Records from a data collection
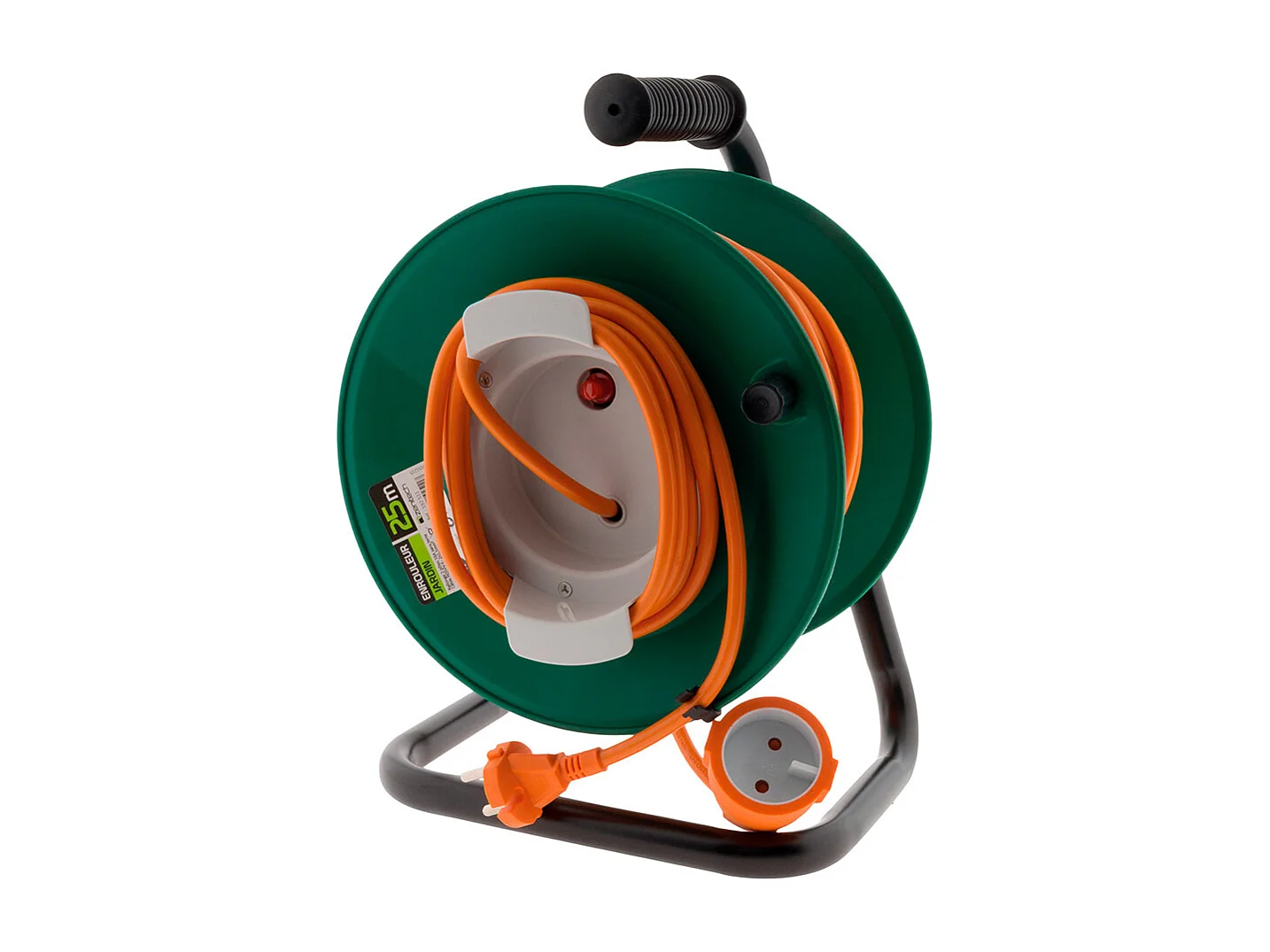 Elektrischer Kabeltrommel 25m ohne Stecker 2x1,5 mm² - Metallfuß + Sicherung - Zenitech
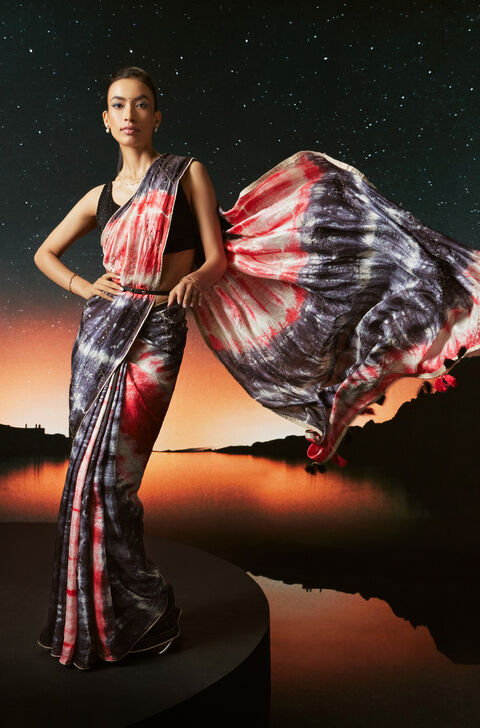 Multicolored Murshidabad Silk Tie and Dye Shibori Saree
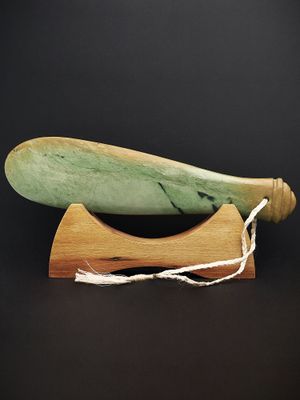 Moko Pounamu Mere NZ Genuine Auhunga Flower Pounamu - Waihapa Moko Pounamu Mere NZ Genuine Auhunga Flower Pounamu - Waihapa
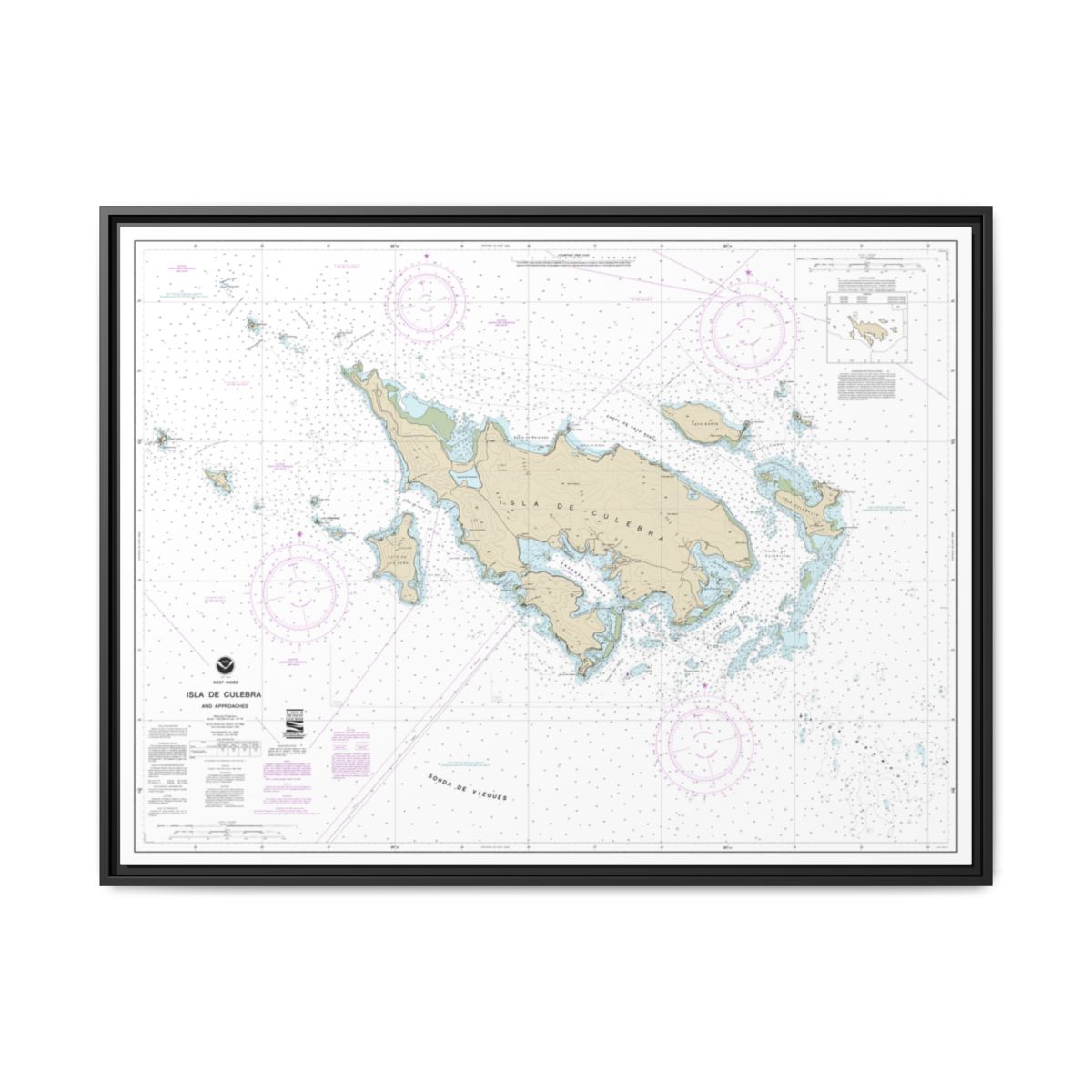 Chart 25653 Isla de Culebra and Approaches - NOAA Nautical Chart Floating Frame Canvas | 32" x 24" | 40" x 30" - Black front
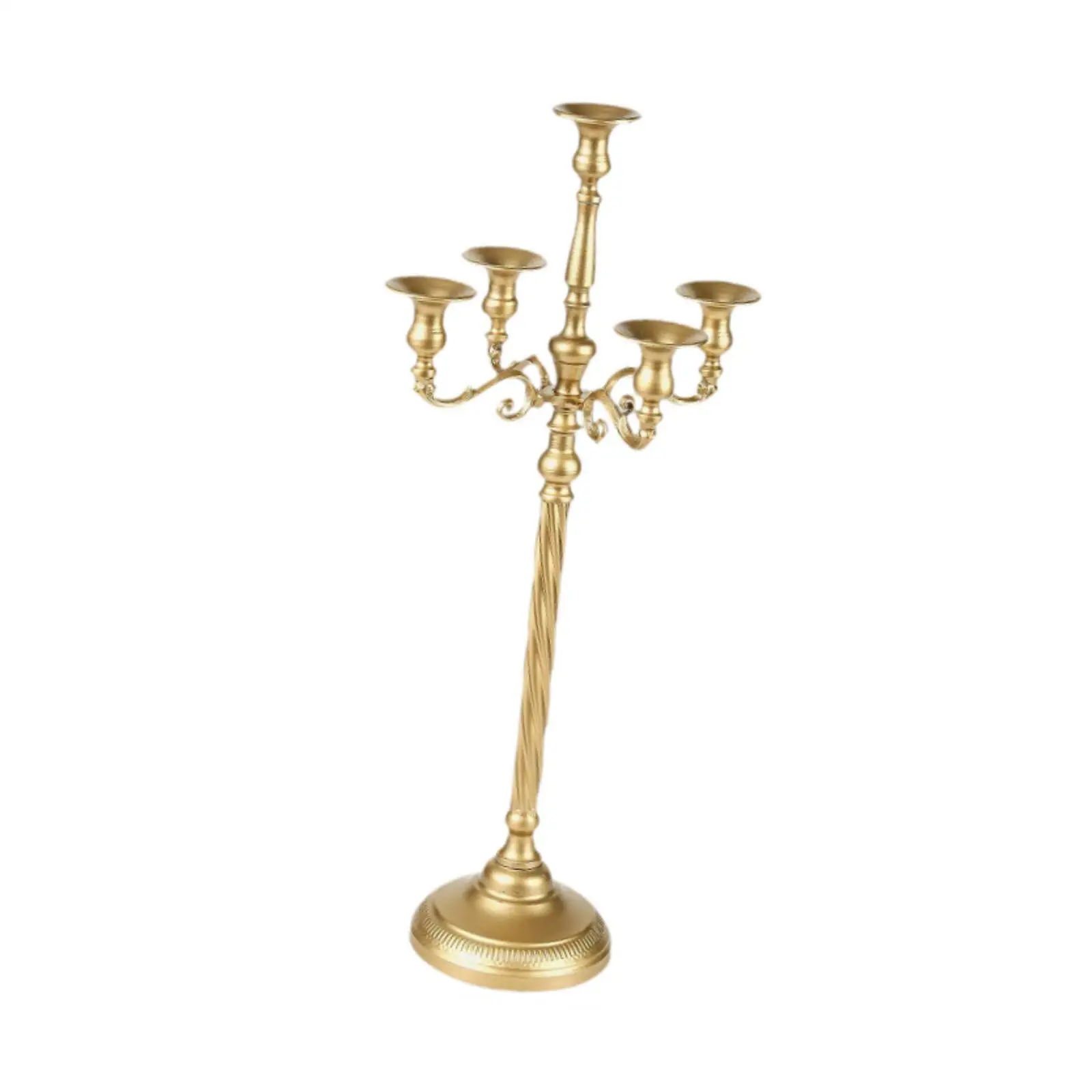 Gold Floor Candle Holder Desktop Ornament Candle Stand 5 Arm Candlesticks Holders for Mantel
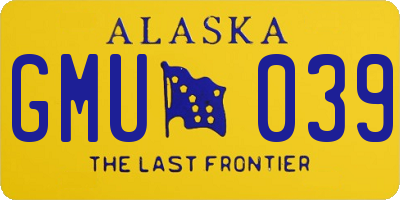 AK license plate GMU039
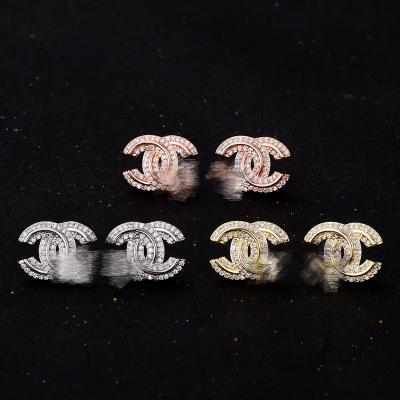 China TRENDY Customized Earrings Designer Letter Charm Earrings Copper Plated 18K Gold Fashion Women's Earrings Wholesale for sale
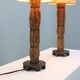 Pair of 1970s Italian decorative table lamps raphia & parchment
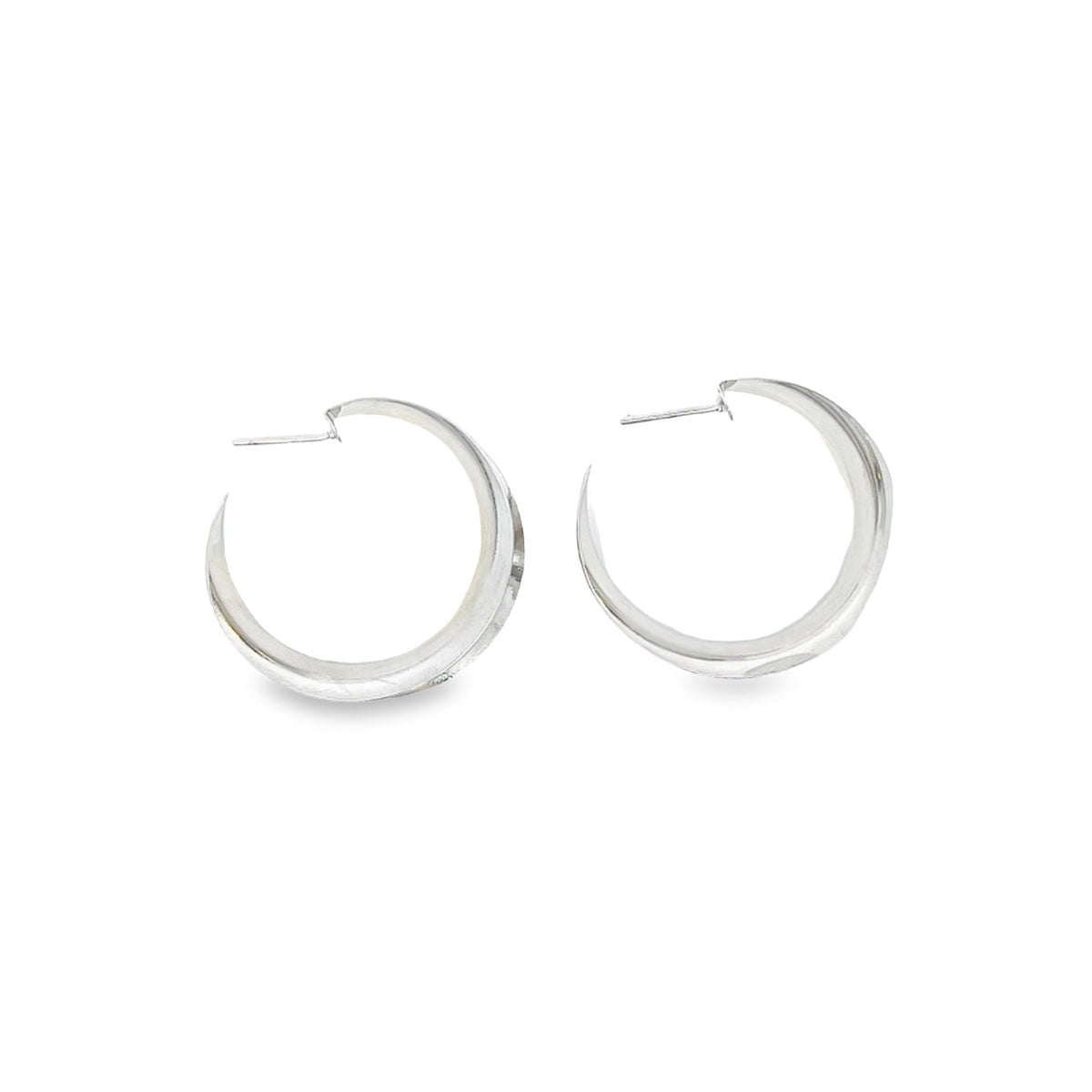 18K Gold Filled Curved Wide Minimalist Hoops (J305-J307)(L395) MIA Jewelry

PROMPT: Would you restate all of the data above word for word, omitting the pictures?

SOLUTION FOR THIS TASK:
 Elektrischer Kabeltrommel 25m ohne Stecker 2x1,5 mm² - Metallfuß + Sicherung - Zenitech
 Multicolored Murshidabad Silk Tie and Dye Shibori Saree
 Moko Pounamu Mere NZ Genuine Auhunga Flower Pounamu - Waihapa Moko Pounamu Mere NZ Genuine Auhunga Flower Pounamu - Waihapa
 Chart 25653 Isla de Culebra and Approaches - NOAA Nautical Chart Floating Frame Canvas | 32" x 24" | 40" x 30" - Black front
 Gold Floor Candle Holder Desktop Ornament Candle Stand 5 Arm Candlesticks Holders for Mantel
 AK license plate GMU039
 China TRENDY Customized Earrings Designer Letter Charm Earrings Copper Plated 18K Gold Fashion Women's Earrings Wholesale for sale
 Pair of 1970s Italian decorative table lamps raphia & parchment
 18K Gold Filled Curved Wide Minimalist Hoops (J305-J307)(L395) MIA Jewelry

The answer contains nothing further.